High Court Kerala High Court

Thomas vs Tomy Mathew on 22 June, 2001

Kerala High Court
Thomas vs Tomy Mathew on 22 June, 2001
Author: K M Shafi
Bench: K M Shafi


ORDER

K.A. Mohamed Shafi, J.

1. The revision is directed against the order in E.P.No. 544/97 in O.S. 442/1996 dated 25.3.2000 passed by the Subordinate Judge’s Court, N. Paravur. The judgment debtor in the E.P. is the revision petitioner.

2. The respondents filed the above suit against the revision petitioner seeking specific performance of a contract. The defendant was set ex parte in the suit on 18.3.1997 and the case was posted to 25.3.1997 for payment of the balance court fee and adducing ex parte evidence by the plaintiffs. On that date the plaintiffs paid balance court fee and filed an affidavit.

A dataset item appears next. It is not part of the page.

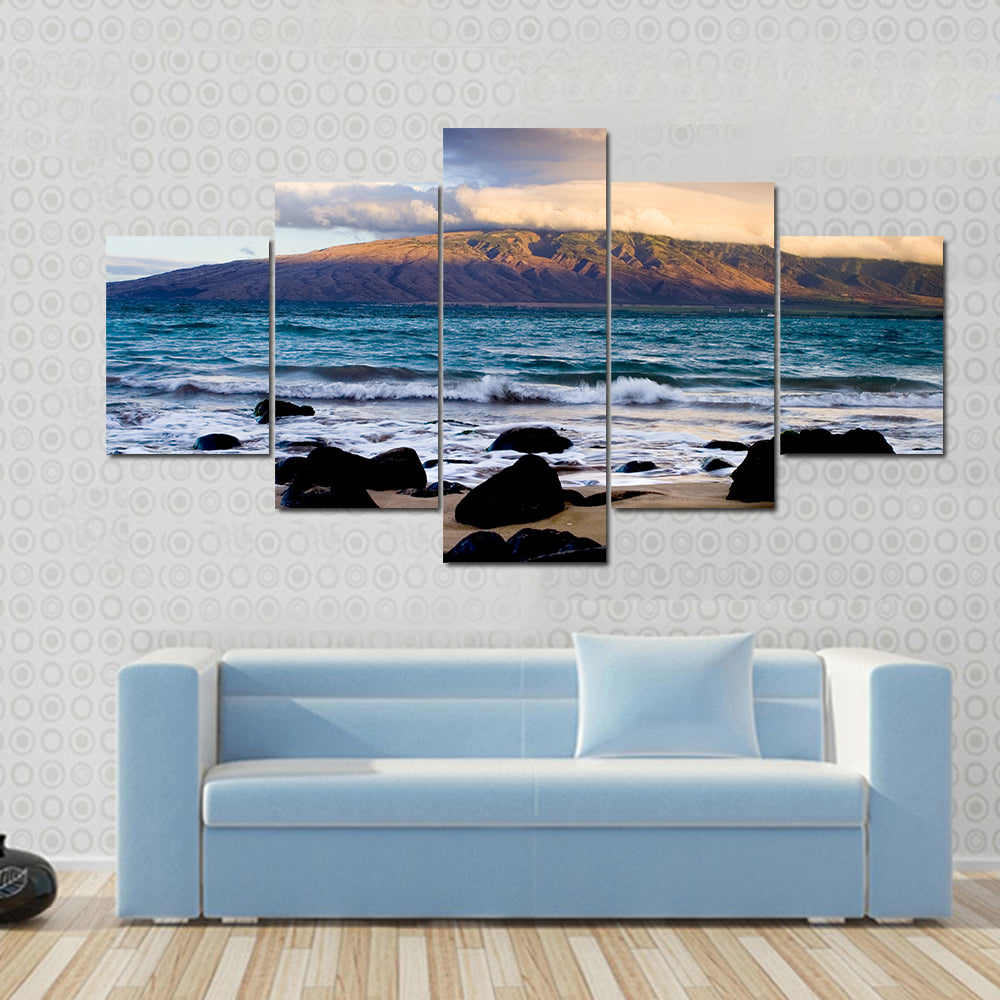Oahu Coastline with Volcanic Rocks Canvas Wall Art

Accordingly the suit was decreed relying on the affidavit filed by the plaintiffs and Exts. A1 and A2 produced by them, as prayed for.

3. Subsequently the plaintiffs filed the above E.P. for execution of the decree. The judgment debtor appeared before the executing court and contended that the execution petition is not maintainable since the decree is not executable and therefore, the E.P. is liable to be dismissed with costs. The objection raised by the judgment debtor was overruled by the executing court and found that the decree is executable. Hence the C.R.P. is preferred by the judgment debtor challenging that order before this Court.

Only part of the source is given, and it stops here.